In a 5-4 decision the court said that the coverage formula used by the government to determine which states are required to get federal permission before they make any changes to voting laws is unconstitutional. The ruling effectively puts the issue back in the hands of lawmakers to revise the law. And until then, the ruling effectively renders section five of the Voting Rights Act inoperable.
"Our country has changed, and while any racial discrimination in voting is too much, Congress must ensure that the legislation it passes to remedy that problem speaks to current conditions," wrote Chief Justice John Roberts in the court's opinion.
The decision came down along partisan lines, with conservative justices Roberts, Antonin Scalia, Anthony M. Kennedy, Clarence Thomas, and Samuel Alito making up the majority.
The court left standing Section 5 of the law, a key section that requires states with a history of voter discrimination to have any changes to voting rules approved by federal officials, but strikes down the coverage formula used to choose which states should be covered.
"We issue no holding on section 5 itself, only on the coverage formula. Congress may draft another formula based on current conditions," Roberts said.
Justice Ruth Bader Ginsburg wrote a dissent joined by Justice Kagan, Breyer, and Sotomayor.
"Just as buildings in California have a greater need to be earthquake-proofed, places where there is greater racial polarization in voting have a greater need for prophylactic measures to prevent purposeful race discrimination," Ginsburg took the unusual step of reading her dissent from the bench.
Critics say that Congress ignored prior warnings from the Court about the continued constitutionality of some sections of the law.

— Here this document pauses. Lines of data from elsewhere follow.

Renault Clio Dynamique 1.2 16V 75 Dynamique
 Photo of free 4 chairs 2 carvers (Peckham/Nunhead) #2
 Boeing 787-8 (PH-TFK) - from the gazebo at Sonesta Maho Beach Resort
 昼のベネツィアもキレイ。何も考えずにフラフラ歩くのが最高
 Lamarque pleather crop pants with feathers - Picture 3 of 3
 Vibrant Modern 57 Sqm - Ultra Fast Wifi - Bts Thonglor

"If Congress had updated the coverage formula to use registration and turnout data from the 2004 election, none of the states currently subject to Section 5 would have remained covered because the registration and turnout of black voters is on par with white voters and exceeds that of white voters in some of the covered states," said Hans von Spakovsky, senior legal fellow at the Heritage Foundation. "It is a victim of its own success and is no longer needed. Despite claims to the contrary, Americans will continue to be protected from discrimination by the other permanent provisions of the Voting Rights Act."
Supporters of the law fear that Congress—with its deepening partisan divide-- will not act.

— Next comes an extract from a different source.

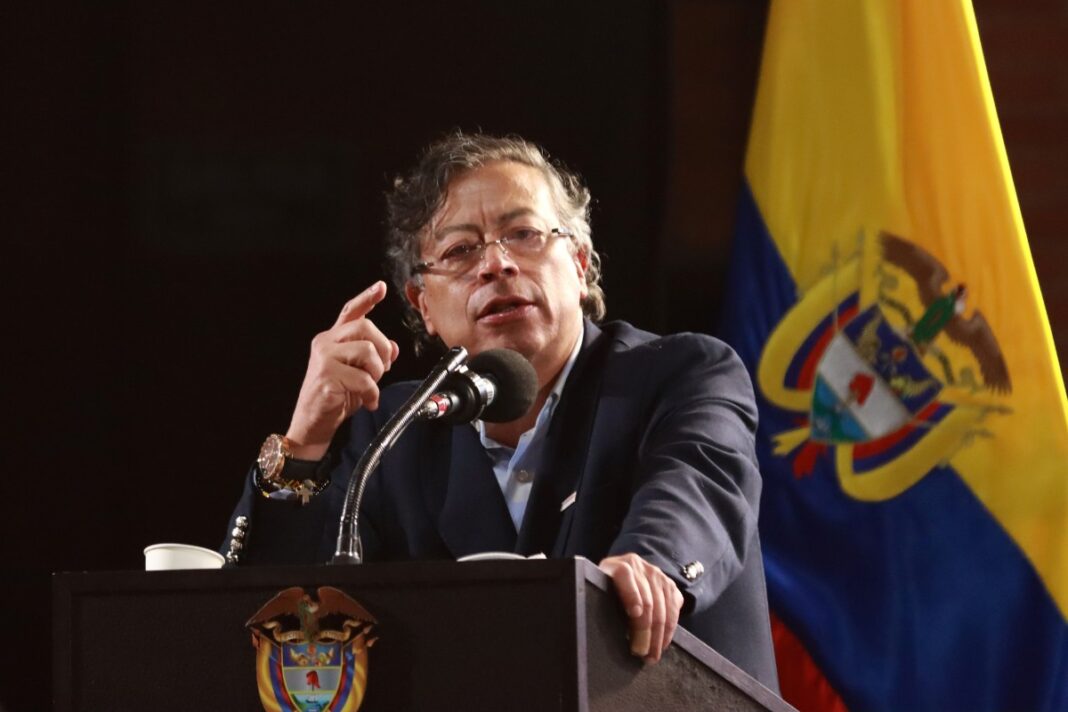 La popularidad de Petro se aproxima a mínimos históricos hacia el final de su mandato La popularidad de Petro se aproxima a mínimos históricos hacia el final de su mandato
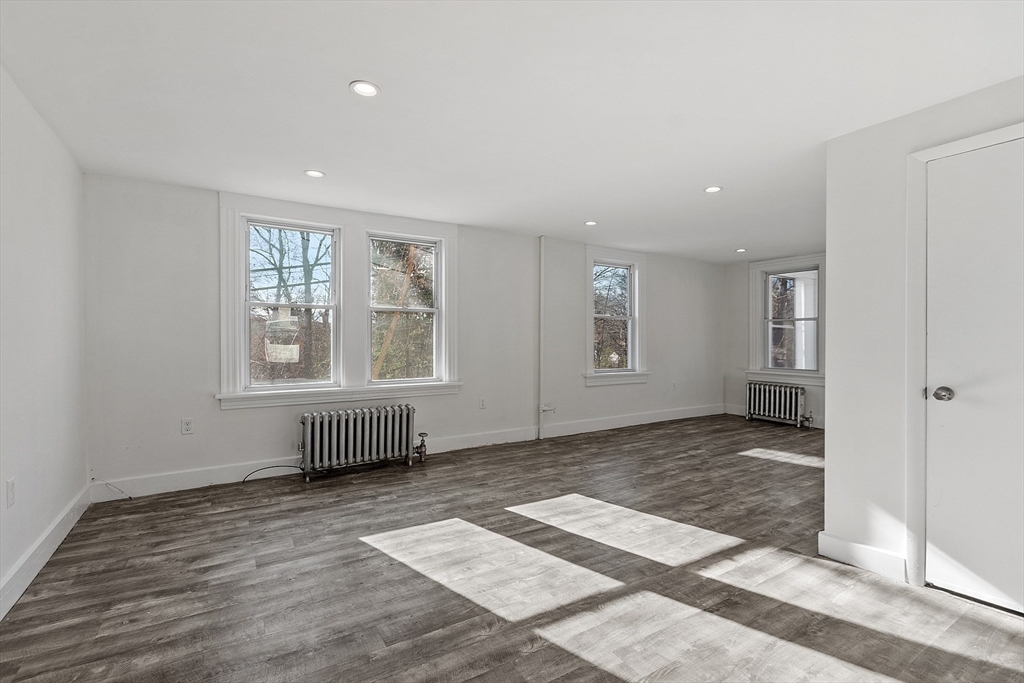 property viewer photo 10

Jon Greenbaum, chief counsel of the Lawyers' Committee for Civil Rights Under Law expressed dismay.
"The Supreme Court has effectively gutted one of the nation's most important and effective civil rights laws," Greenbaum said. "Minority voters in places with a record of discrimination are now at greater risk of being disenfranchised than they have been in decades. Today's decision is a blow to democracy. Jurisdictions will be able to enact policies which prevent minorities from voting, and the only recourse these citizens will have will be expensive and time-consuming litigation."